6 January 2017

Wan Ren Di (萬人敵)


Tian Gong Kai Wu (《天工開物》) variant

Drawing of Wan Ren Di in action, from 'Tian Gong Kai Wu (《天工開物》)'.
Wan Ren Di (萬人敵, lit. 'Rivaling ten thousand men') is a type of improvised incendiary bomb developed during the final years of the Ming Dynasty. Recorded in late Ming encyclopedia Tian Gong Kai Wu, it was meant to be used to defend relatively small and remote cities and fortresses where ponderous cannons won't be of much use.

Wan Ren Di is a relatively simple weapon that can be cheaply and easily manufactured. It consists of two components: a hollowed clay ball filled with various types of propellants and gunpowder (usually incendiary or poison smoke), as well as a boxy wooden frame. Alternatively, a wooden barrel with its inside fireproofed with clay can be used instead.

Like Fei Huo Xiang Mo Chui (飛火降魔槌), the bomb does not detonate after being thrown.
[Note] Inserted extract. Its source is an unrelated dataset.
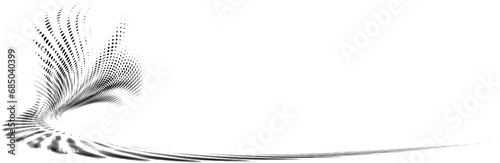 Dynamic, as if foamed or indignant, agitated by the impact, a dotted frame with partially whitened radial twisted rays. Vector. For logos, trademarks, emblems. Space for copying text.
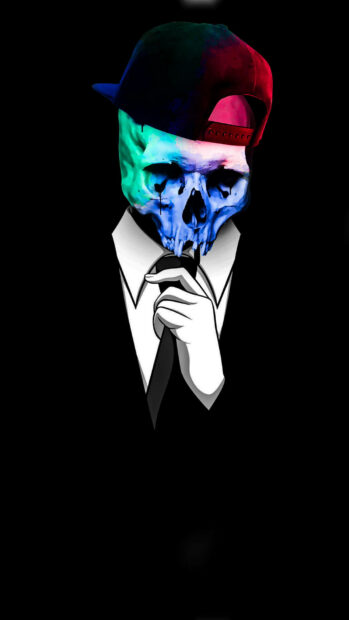 Multicolor Gangster Skull With Snapback Wallpaper.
Instead, the clay ball will start spinning inside the wooden frame (which is used to protect the clay ball from breaking apart during impact) and projecting fire all around it, effectively deny the area to the enemy for an extended period of time.

Zhan Shou Quan Shu (《戰守全書》) variant

Drawing of two different containers for Wan Ren Di, from 'Zhan Shou Quan Shu (《戰守全書》)'.
A completely different Wan Ren Di, also called Wan Ren Di Guan (萬人敵罐, lit. 'Rivaling ten thousand men jar'), is recorded in another late Ming military treatise, Zhan Shou Quan Shu. 
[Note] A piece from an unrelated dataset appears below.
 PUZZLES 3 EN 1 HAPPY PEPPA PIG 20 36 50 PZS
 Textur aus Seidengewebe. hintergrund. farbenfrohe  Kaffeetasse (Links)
A throwback to ancient thunder crash bomb, this version of Wan Ren Di was originally a fused grenade or bomb used to attack enemy troops and siege engines at the base of the wall, although the risk of yet-to-explode grenades being picked up and thrown back at the defenders eventually led to simplification of the weapon into a simple container filled with gunpowder and other incendiaries akin to Huo Tong (火桶), that has to be set off separately. The simplified Wan Ren Di can either be dropped or lowered via iron chain to the base of the wall.
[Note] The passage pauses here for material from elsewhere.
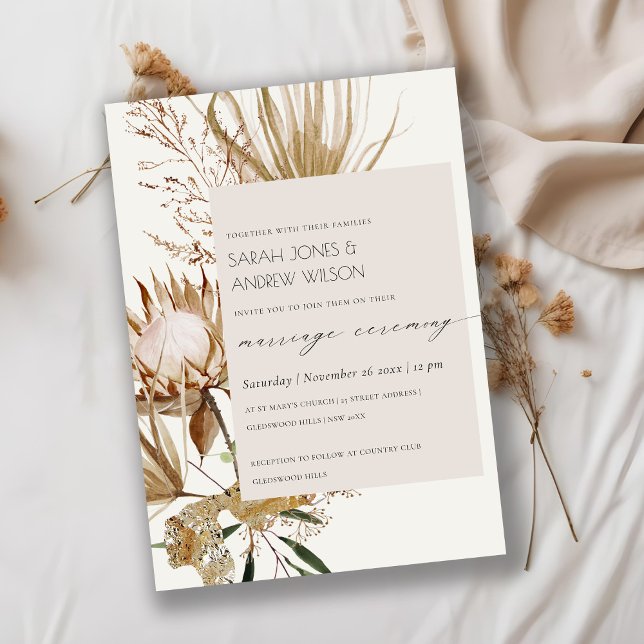 Chic Boho Protea Sec Palm Floral Invitation de mar (Créateur téléchargé)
  1. Are the bombs in the image packed with shrapnel charges, given the fact that the enemies are being dismembered?

    1. As far as I can tell, no. It just set things on fire.

    2. Then what's with the guys in the illustration getting dismembered?

    3. Either artistic license or maybe the specific gunpowder formula used has some additional effects that I am not aware of.